Access to quality education is a serious social problem for many families in South America. English Language Learning is considered a necessity to be competitive in the job market and is often inaccessible to Colombia’s poorest families. According to its 2010 census, 43% of Colombia’s population was under the age of 24. The United Nations reports that by 2020 the country’s largest age group will be 10-14. The country is invaluable to further global development due to its resources. Colombia realizes its need to prepare a workforce qualified to keep up with its steady economic growth.

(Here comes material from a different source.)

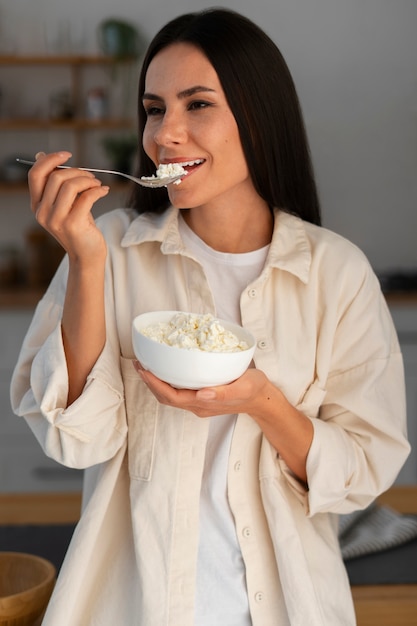 Foto gratuita persona autentica che mangia formaggio fresco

In response to its need to develop human capital, and keeping globalization in mind, Colombia, in 2004 launched the Foreign Languages Competencies Development Programme (FLCPD). To measure competency, FLCPD used the Cambridge English Language Assessment. This assessment places language speakers into one of six categories, ranging from a low of A1, to full mastery at C2. FLCPD made English a mandatory part of Colombia’s educational curriculum. Among the program’s goals, students leaving middle school were expected, by 2019 to speak the language at “B1” or ‘low-intermediate’ level and elementary and middle school teachers should have reached at least “C1” or “low-mastery’ level. To date, the program is not on schedule to meet its goals. In 2013, only 14% of English teachers had reached A1 competency. SABER PRO test scores for 2012 revealed 32% of college entrants had not yet reached A1, another 36% were stagnant at A1, and only 1% of college students could be considered bilingual.

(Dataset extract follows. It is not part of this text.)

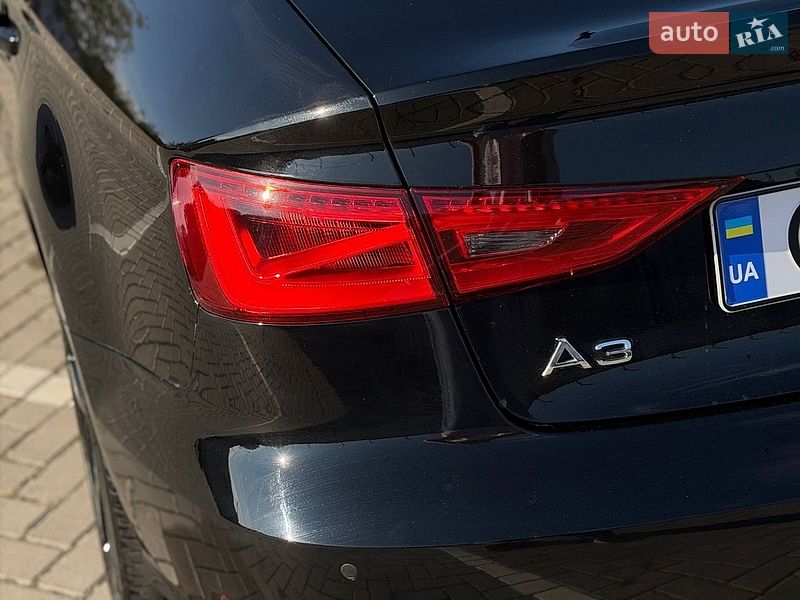 Седан Audi A3 2016 в Житомирі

Barriers to Colombian schools’ success are large class sizes, lack of a universal curriculum and testing system, and of course, access for the poorest families. Private schools generally have smaller class sizes, better teachers, and standards and repeatedly show better English language acquisition, as evidenced by scores on the commonly used SABER exam. Public education facilities make up 85% of Colombian elementary schools and 60% of middle schools. In 2011, 72% of Colombian colleges were privately funded, and their exorbitant costs make it extremely hard to access higher education. The amount earned by a Colombian making minimum wage is nearly equal to the average monthly tuition of a private school.
English fluency is necessary to be competitive in the global market. Without adequate English language competency, Colombians have little to look forward to career-wise. Sixty-eight percent of Colombian employers consider English competency in their hiring process and colleges have English language proficiency requirements at both entry and exit. The poorest Colombian families cannot even consider entrance due to cost and lack of availability of public programs. Even for those who can access higher education or private English classes, learning often begins too late. Research has shown that language learning occurs best from a young age. It is therefore better to begin English language acquisition in elementary school. DTML is prepared to help to remediate the barriers to equitable access to English language learning for disadvantaged families.